Police invisibility in Pasay
IN my one-and-a-half years of stay in Pasay City, I have almost never seen a policeman in the streets—in the vicinity of Libertad and Harrison Streets, at least—except a few days ago when a policeman blocked his motorcycle along Tramo Street where Mayor Calixto, accordingly, was inaugurating a newly-constructed road.
All I see in the streets are traffic enforcers in green shirt who, for one reason or another, have a rather cozy relationship with jeepney drivers, so cozy that whenever a traffic enforcer approaches a driver, the latter automatically hands out some amount of money to him. One dictionary’s definition of “cozy” was exactly how I would interpret such show of intimacy between the two, so exact that I couldn’t control giving out a smirk as I read it—“convenient or beneficial, usually as a result of dishonesty or connivance.”
Whoever thought of the definition surely had in mind the cozy, beneficial relationship prevalent in the world of corruption.
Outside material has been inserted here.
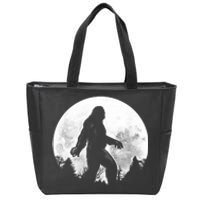 Bigfoot Full Moon Zip Tote Bag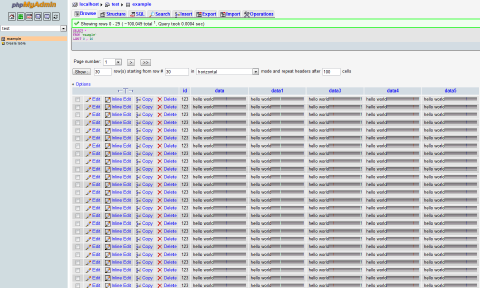 Image 49: phpMyAdmin imported dump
If low police visibility increases the opportunity to apprehend criminals, then one can only imagine what the total absence of police visibility could do to a place. In some of my articles here I have written about an incident when my daughter’s hair was pulled by a teenage girl who jumped in and out of a jeepney that she was riding from Pasay West High School, and how my son dropped to the ground unconscious when his face was hit by an icepick bearing man along Libertad Street.
Whenever I flag a taxi down, I know there is more likelihood that I would be refused because of the notoriety of my address, apparently the most notorious in Pasay City, if not in Metro Manila. In the rare times that taxi drivers agreed to drive me home without any question, most of them still had their own stories to tell, tales of how they or their fellow drivers became victims of “bukas-kotse” teenagers along Harrison and Libertad Streets.
The absence of police visibility has made criminals in Pasay City bolder and more daring. I wonder if such absence is attributed to the benefits derived from the already cozy relationship between the unfortunate PUV drivers and the traffic enforcers acting as pseudo-policemen.